Guilty as I am about to describe. 

Points and numbers seem to be right to be wrong here. Let's remove the counters beyond our profiles. 

Status on profile is not even close to actual knowledge or understanding. Let alone one's true demeanor. 

I know it is a fantasy in the algorithms of coding. But social spotlighting should not be tallied. 

Just a thought for those out there. And a vent. TY.

Peace and let's do this together.


----------



## MICHI-CAN (May 20, 2021)

PadawanWarrior said:


>


Not surprised. TY. Waiting o log the others. Peace.


----------



## MICHI-CAN (May 20, 2021)

We should start a new thread. But would profile status be? Kinda plays well with others.

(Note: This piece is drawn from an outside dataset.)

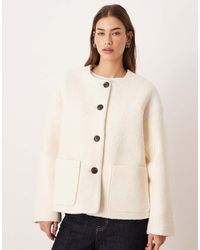 Aware - Cropped Jack Van Premium Wolmix Met Textuur En Knopen Aan De Voorkant - Lyst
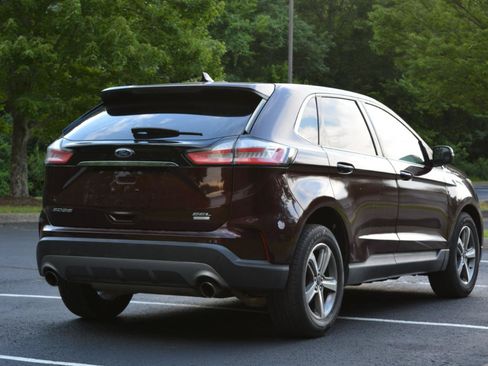 Used 2019 Ford Edge SEL w/ Equipment Group 201A FWD image 5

JK. plausible grower, recognized grower, or proven?
And how do we know our true contributions to the site without a favor-ability rating?


----------



## Tvanmunhen (May 20, 2021)

I thought about curious lovable newb who some day wants to know it all, and one who tries too hard but I was worried it was already taken.I hate my title!


----------



## sunni (May 20, 2021)

its simply based on longevity of forum usage in that aspect it works.

realistically though it doesnt matter and i dont know why anyone actually cares whether its there or not

,I dont think i know of ANY forum where some sort of "well known member" or points isnt there. ...theyre pre built into EVERY forum aspect.

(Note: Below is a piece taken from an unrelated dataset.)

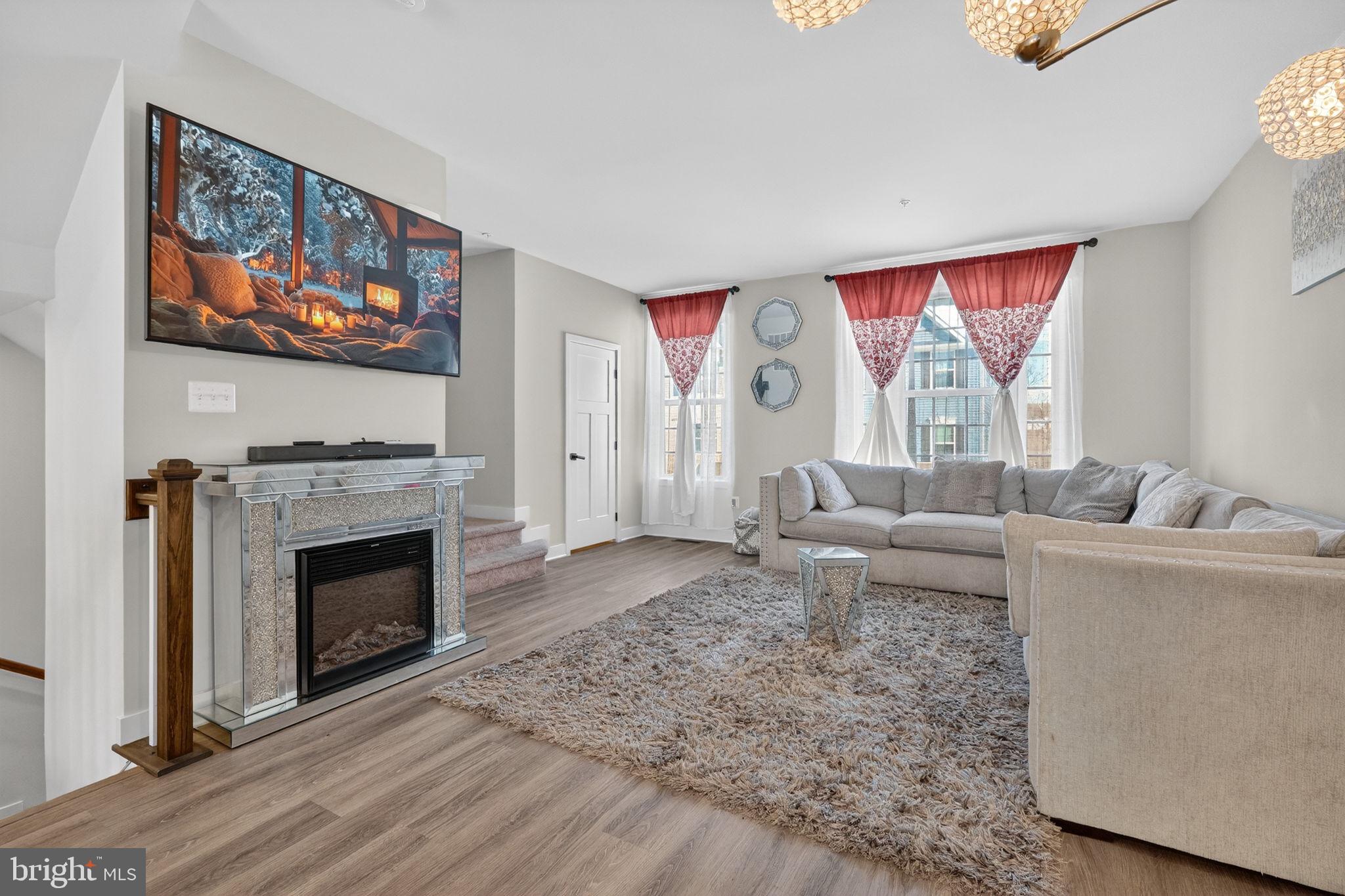 MONTGOMERY VILLAGE - Residential Lease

ultimately its more hassle on our end to remove it so we likely wont, sorry to be the bearer of bad news.


----------



## OldMedUser (May 21, 2021)

What we need is a series of exams like the pot universities do. Each test has it's own badge that goes by your user name so people have an idea who they're dealing with.

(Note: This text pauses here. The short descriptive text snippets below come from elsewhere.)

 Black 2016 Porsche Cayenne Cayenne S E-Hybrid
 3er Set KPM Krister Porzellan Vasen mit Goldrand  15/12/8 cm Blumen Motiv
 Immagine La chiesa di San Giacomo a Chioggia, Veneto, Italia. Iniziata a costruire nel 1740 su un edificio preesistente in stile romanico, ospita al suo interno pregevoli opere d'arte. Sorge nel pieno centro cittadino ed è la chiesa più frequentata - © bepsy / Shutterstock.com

Even someone who is a nOOb here could be walking in with a wealth of knowledge but how do you tell?

Setting something like that up is beyond my pay grade but somebody here must know how to do it.


----------



## Wastei (May 21, 2021)

Who really cares? Don't judge a book by its cover. Follow people's work with data to support their claims.


----------



## Romulanman (Jun 9, 2021)

There will never be a time when you wont see people shoehorning posts into every thread to get their post count up. It happens at every forum. Like the OP said he's guilty of it as well. Almost 20 posts a day, everyday, for 16 months straight is pretty crazy. You should ask for a job lol.


----------



## GOF (Jul 21, 2021)

OldMedUser said:


> What we need is a series of exams like the pot universities do. Each test has it's own badge that goes by your user name so people have an idea who they're dealing with.
> 
> Even someone who is a nOOb here could be walking in with a wealth of knowledge but how do you tell?
> 
> Setting something like that up is beyond my pay grade but somebody here must know how to do it.


Greg Green's "Breeder's Bible" quiz. 

I think we'll RIU will be subjected to the same pros and cons of human beings acting like - well - you know. Doing human shit. <shrug>


----------



## okmtnbiker (Sep 11, 2021)

People actually look at those points?


----------



## Knothat (Sep 16, 2021)

I am interested in the same question?


----------